BASSIN D’ALÈS L’État menace de bloquer les permis de construire dans six communes
La « non-conformité » du système d’assainissement d’Alès pourrait, à en croire l’État, remettre en cause des demandes de permis de construire sur les communes d’Alès, Saint-Hilaire-de-Brethmas, Saint-Jean-du-Pin, Saint-Julien-les-Rosiers, Saint-Martin-de-Valgalgues et Saint-Privat-des-Vieux.
C’est la menace que fait planer la préfecture du Gard, telle une épée de Damoclès, au-dessus de plusieurs communes du bassin alésien, dont la principale, Alès. Elle fait suite à un contrôle réalisé par la Direction départementale des territoires et de la mer (DDTM) du Gard. L’organisme a constaté, pour l’année 2016, que le système d’assainissement d’Alès, situé à Saint-Hilaire-de-Brethmas, « n’est pas conforme à la réglementation européenne », en particulier sur ce qui concerne la collecte des eaux usées par temps de pluie.

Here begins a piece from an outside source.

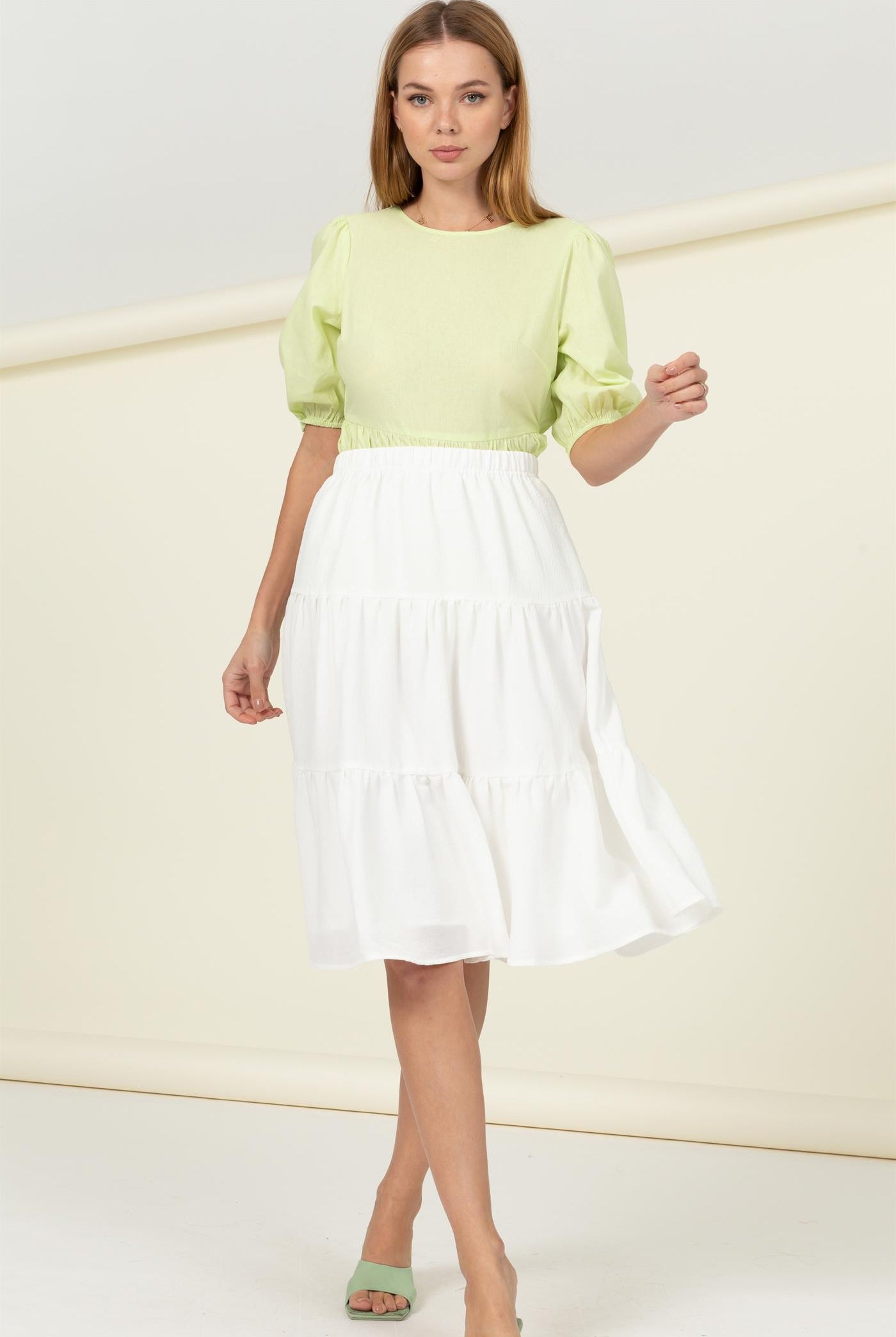 Wholesale Backless Top Clothing Tops HF22C707 MINT HYFVE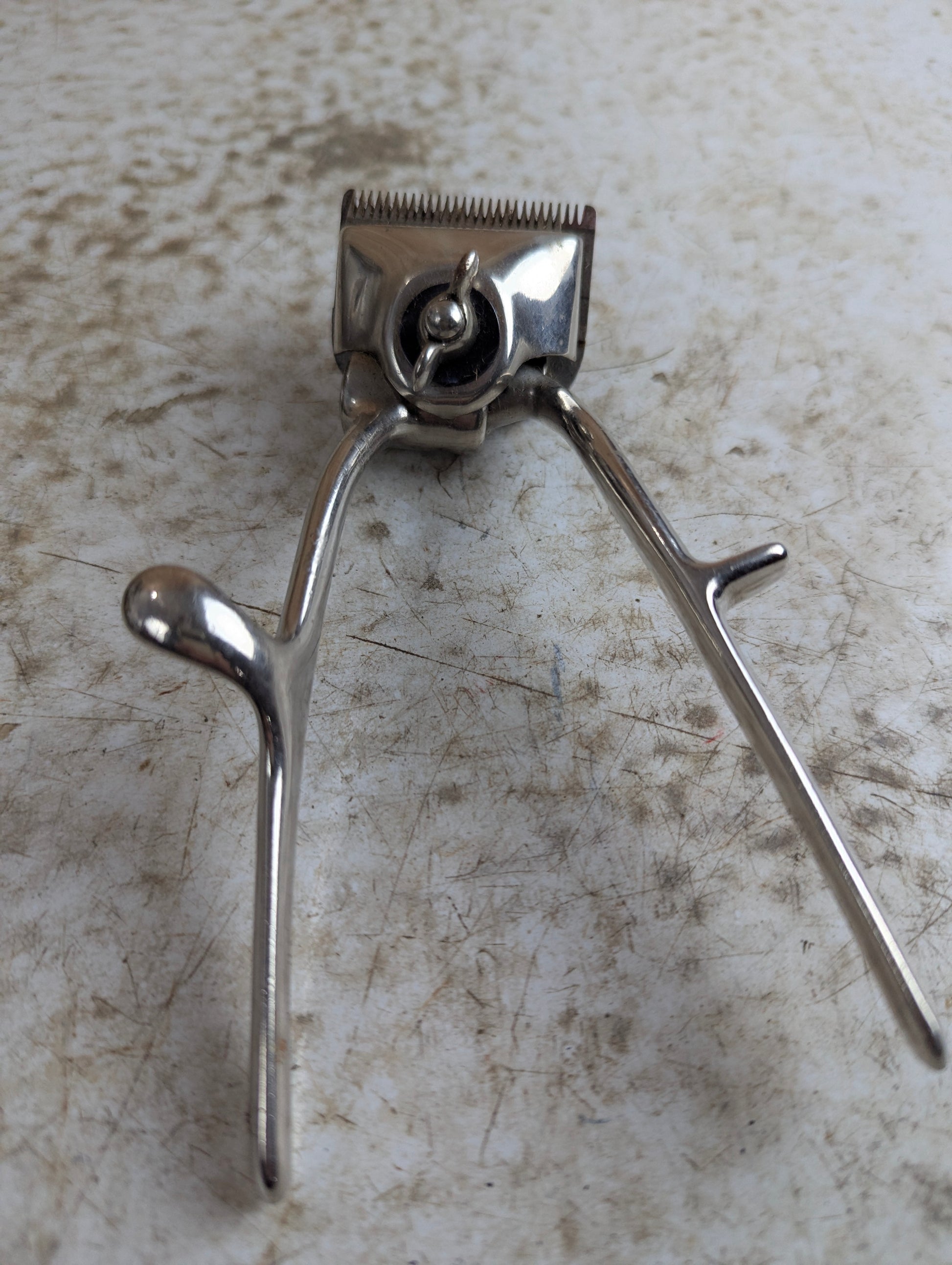 Vintage 1940s Oster Model 000 Manual Hair Clippers - view 3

Actuellement, un réseau collecte les eaux usées et les eaux pluviales dans les mêmes canalisations. Or, la station d’épuration n’est pas dimensionnée pour recevoir de tels débits et se retrouve « en situation de surcharge sur le plan hydraulique » avec des charges entrantes évaluées à 156%. Une irrégularité pointée du doigt par les services de la préfecture du Gard qui exigent du président d’Alès Agglo, Max Roustan, de présenter avant le 1er mai un « plan d’actions engagé qui permettra la mise en conformité du système d’assainissement d’Alès. » Craignant une « atteinte à la salubrité publique », le préfet va plus loin en menaçant de s’opposer « à toute nouvelle demande de permis de construire individuel ou de permis d’aménager. » La décision s’appliquerait sur les communes d’Alès, Saint-Hilaire-de-Brethmas, Saint-Jean-du-Pin, Saint-Julien-les-Rosiers, Saint-Martin-de-Valgalgues et Saint-Privat-des-Vieux. Une exception à cette règle pourrait toutefois être concédée pour certains projets d’intérêt général tels que la construction de logements sociaux.
Christophe Rivenq : « On marche sur la tête »
Du côté d’Alès Agglo, le directeur général des services, Christophe Rivenq, répond avec flegme : « C’est juste une menace. Ce n’est pas possible que l’État bloque l’urbanisation. Nous allons présenter des plans pluriannuels, des rencontres sont prévues et des travaux seront faits. De toute façon, on n’a pas attendu le courrier de la préfecture pour agir, mais il n’existe pas de solution parfaite. » Enfin si… Mais cette solution -qui consisterait à reprendre tout le réseau d’assainissement pour séparer les eaux usées des eaux pluviales- coûterait, selon Christophe Rivenq, plus de 100 millions d’euros ! « C’est illusoire et impossible à réaliser techniquement », constate-t-il avant de souligner, non sans ironie : « en 2014, cette station était top, il n’y avait pas de problème. Et d’un coup, elle devient inopérante parce que la loi change en 2015. Résultat, l’État fait pression sur nous tout en nous demandant en parallèle de ne plus investir... On marche sur la tête ! »
Même constat pour Claude Cerpédès, maire de Saint-Martin-de-Valgalgues : « L’Europe met en demeure l’État qui, lui, refile la patate chaude aux collectivités. Il y a un nombre incalculable de stations d’épuration qui sont dans le même cas que nous (…) Maintenant, nous devons montrer notre volonté de réparer les réseaux aux endroits où c’est techniquement réalisable et trouver des améliorations de fonctionnement sur la station, mais tout cela prendra du temps. » Quant au risque pour les communes de ne plus pouvoir délivrer des permis de construire, le maire de Saint-Martin-de-Valgalgues « n’imagine pas l’État mettre à exécution cette menace. Ce serait catastrophique pour le territoire. » Comme lui, le maire de Saint-Hilaire-de-Brethmas, Jean-Michel Perret, n’est pas franchement rassuré par l’avertissement du préfet : « Je suis inquiet pour ceux qui souhaitent faire construire. Il faut savoir que depuis mon élection, je délivre une centaine de permis par an. » Et sans urbanisation, c’est le développement de tout un bassin de vie qui partirait...à vau-l’eau.